Question

Anyone know how to do this

Answer 1

Answer:

\frac{x^2-3x}{x^2-3x+2}

Step-by-step explanation:

We are given the following rational expressions and we are to add them:

$\frac {x^2 + x-6 } {x^2 + 2x-3 } + \frac {x - 4} {x^2 - 3 x + 2}$

To solve this, first of all we will factorize the quadratic expression in the numerator and the denominator to make it easy and then cancel out the like terms to simplify it.
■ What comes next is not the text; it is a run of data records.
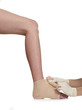 Doctor bandaging an ankle on white background.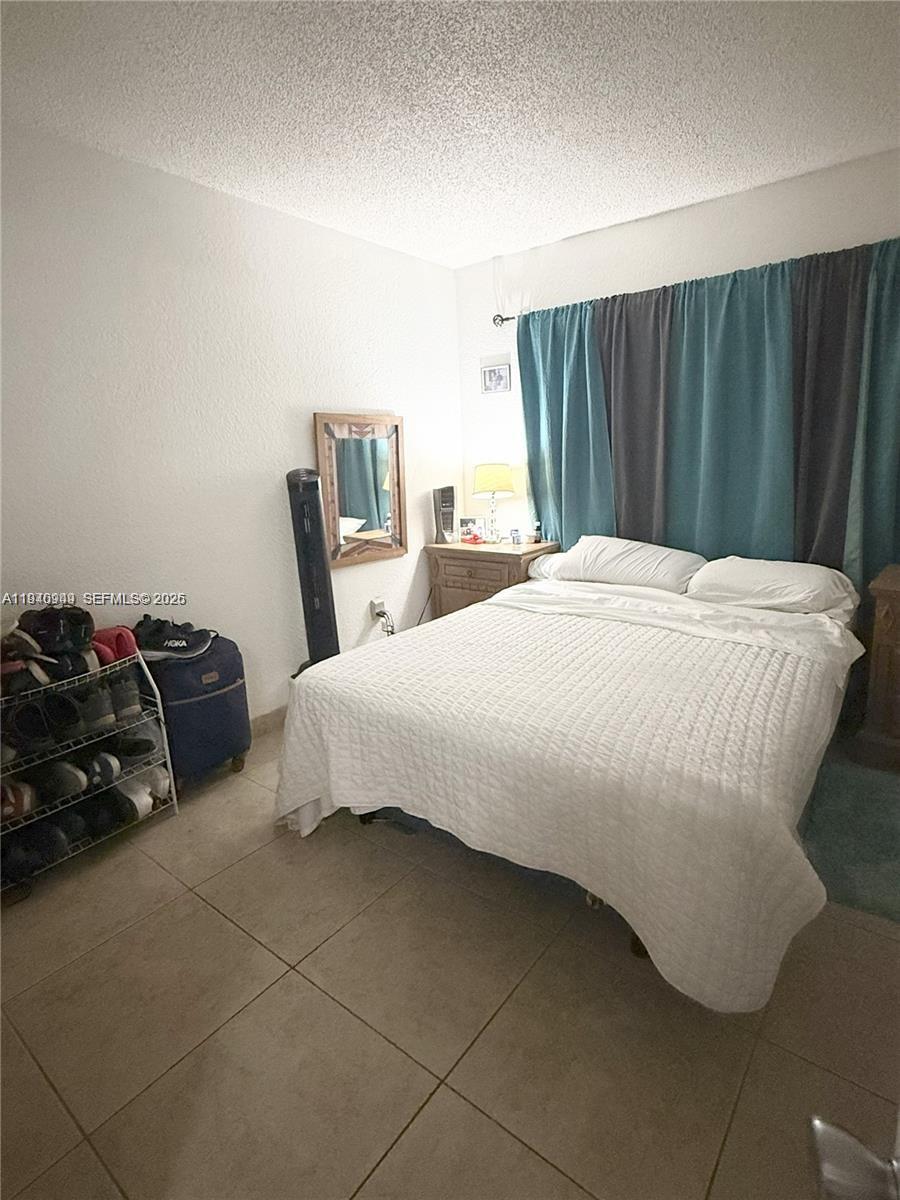 7405 Southwest 152nd Avenue, Unit 105 Miami, FL 33193 - Photo 5 of 9 a bedroom with a bed and a closet
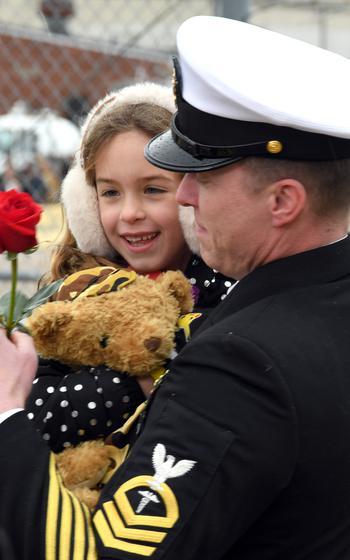 A sailor embraces his loved one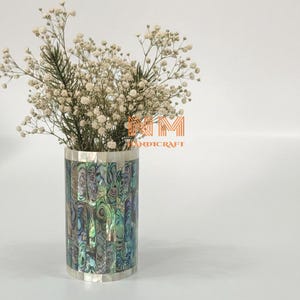 Peut inclure: Un vase cylindrique avec un motif en mosaïque de nacre dans des tons de vert, de bleu et de reflets irisés. Le vase est rempli de délicates fleurs blanches. Les bords supérieur et inférieur sont argentés. Le texte "HANDICRAFT" est visible.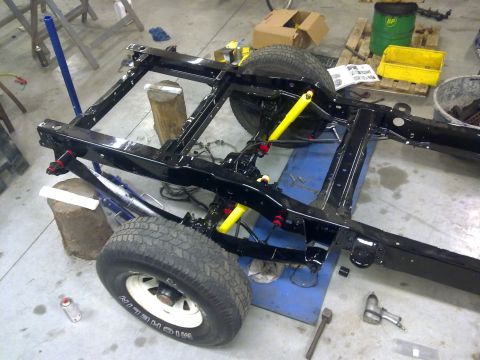 1984 Ford Bronco - Vehicle chassis undergoing a rebuild, with visible suspension components and tires.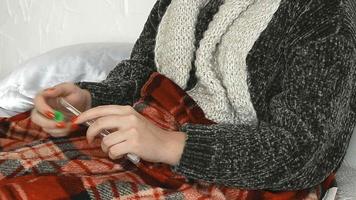 menina doente com um suéter com um termômetro na mão em casa
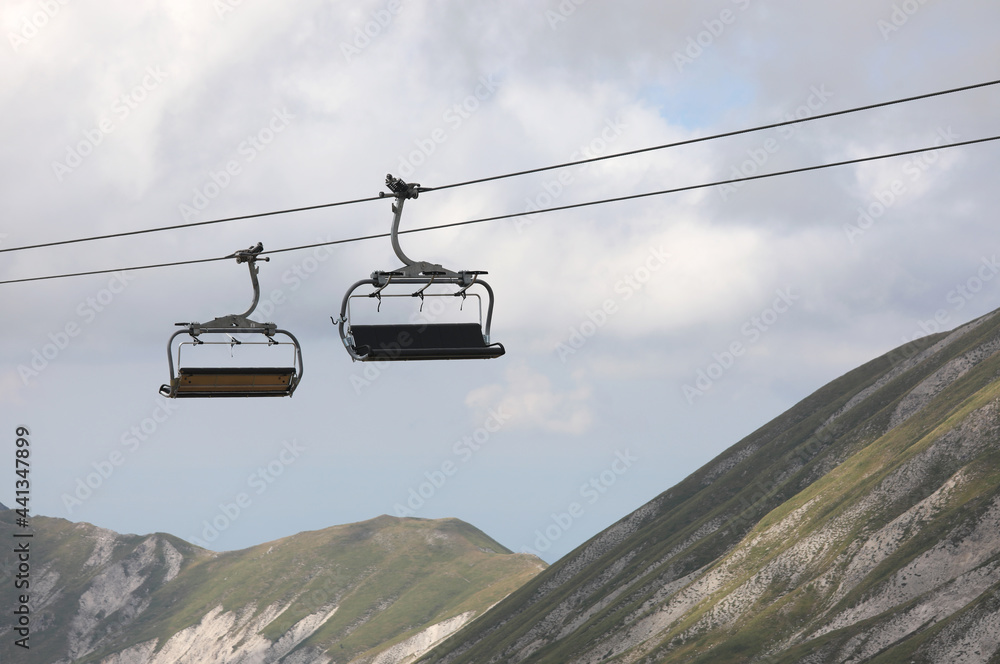 two chairlifts in the mountains to transport tourists of hikers effortlessly
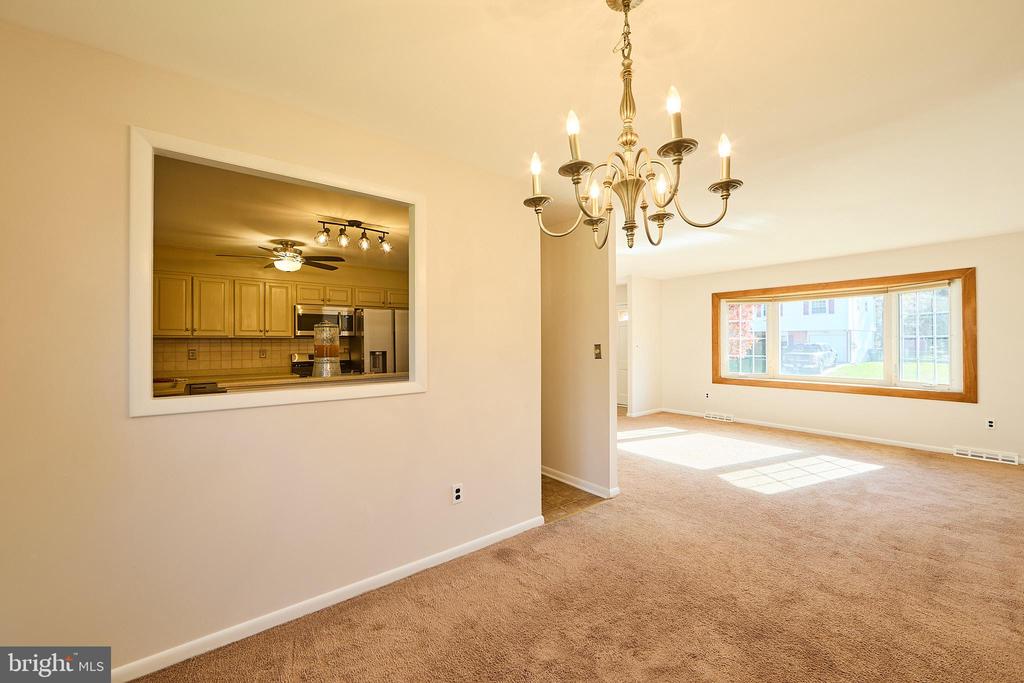 Empty living room with a brass chandelier, carpeted floor, and large picture window beside a kitchen pass-through.
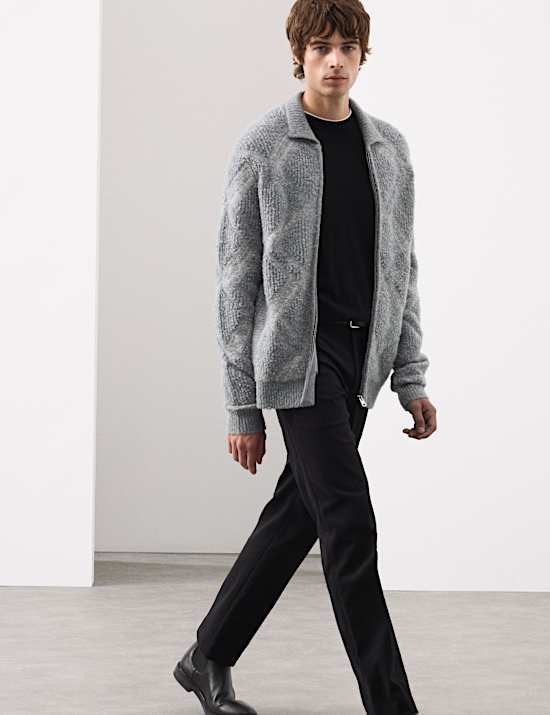 Veste en laine mérinos bouclée avec fermeture zippée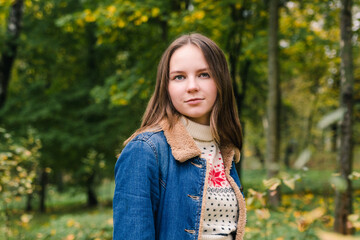 Beautiful girl with long hair in a blue denim coat in an autumn park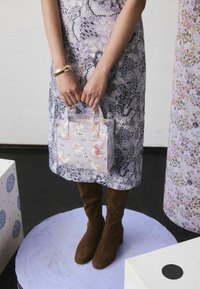Blumenmuster, helllila Handtasche mit kurzen Griffen. Enthält Illustrationen von Katzen und Hunden. Getragen zu einem gemusterten Kleid und braunen Stiefeln.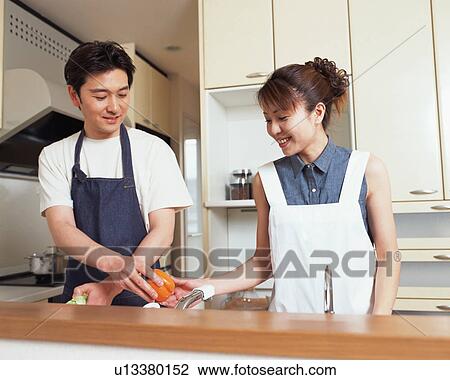 A husband helping his wife in kitchen View Large Photo Image Stock Image - A husband helping his wife in kitchen. Fotosearch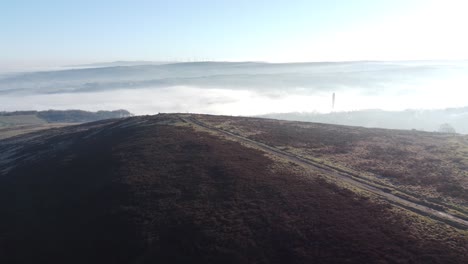 Cloudy-misty-sunrise-valley-aerial-moorland-hikers-hillside-muddy-path-Lancashire-slow-dolly-right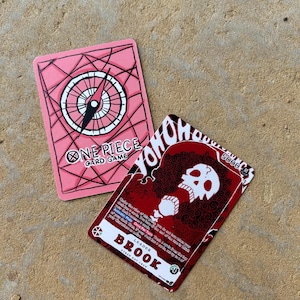 Może przedstawiać: Dwie karty do gry One Piece. Jedna karta ma różowy wzór kompasu z napisem "ONE PIECE CARD GAME". Druga karta przedstawia czerwono-białą czaszkę z napisem "BROOK" i tekstem "STRAW HAT CREW".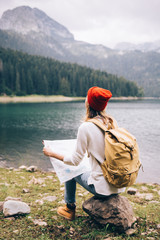 Woman traveler with backpack checks map 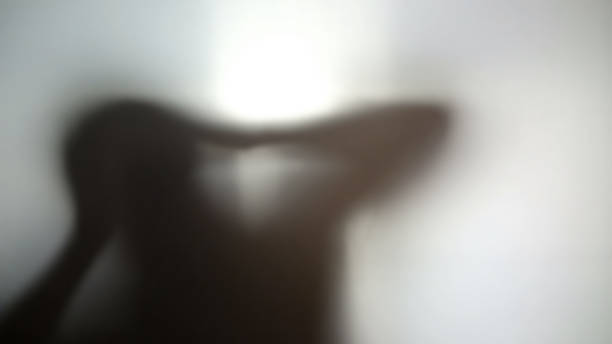 istock Strange dark silhouette holding head in hands, hallucinations, desperate person 958794586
$\frac {x^2 + 3x - 2x - 6} {x^2 + 3x - 1x - 3} + \frac {x - 4} {x^2 - 2x - x + 2}$

$\frac{x(x+3)-2(x+3)}{x(x+3)-1(x+3)} +\frac{x-4}{x(x-1)-2(x-1)}$

$\frac{(x+3)(x-2)}{(x+3)(x-1)} +\frac{(x-4)}{(x-1)(x-2)}$

Cancelling out the like terms, we get:

$\frac{x-2}{x-1} +\frac{x-4}{(x-2)(x-1)}$

Taking LCM and combing the terms to get:

$\frac{x^2-2x-2x+4}{(x-1)(x-2)} +\frac{x-4}{(x-1)(x-2)}$

$\frac{x^2-3x}{x^2-3x+2}$

Answer 2

Answer:

Final answer is $\frac{x^2-3x}{x^2-3x+2}$

Step-by-step explanation:

$\frac{x^2+x-6}{x^2+2x-3}+\frac{x-4}{x^2-3x+2}$

In this type of problems, we factor numerator and denominator whichever possible. then make denominators equal and combine numerator.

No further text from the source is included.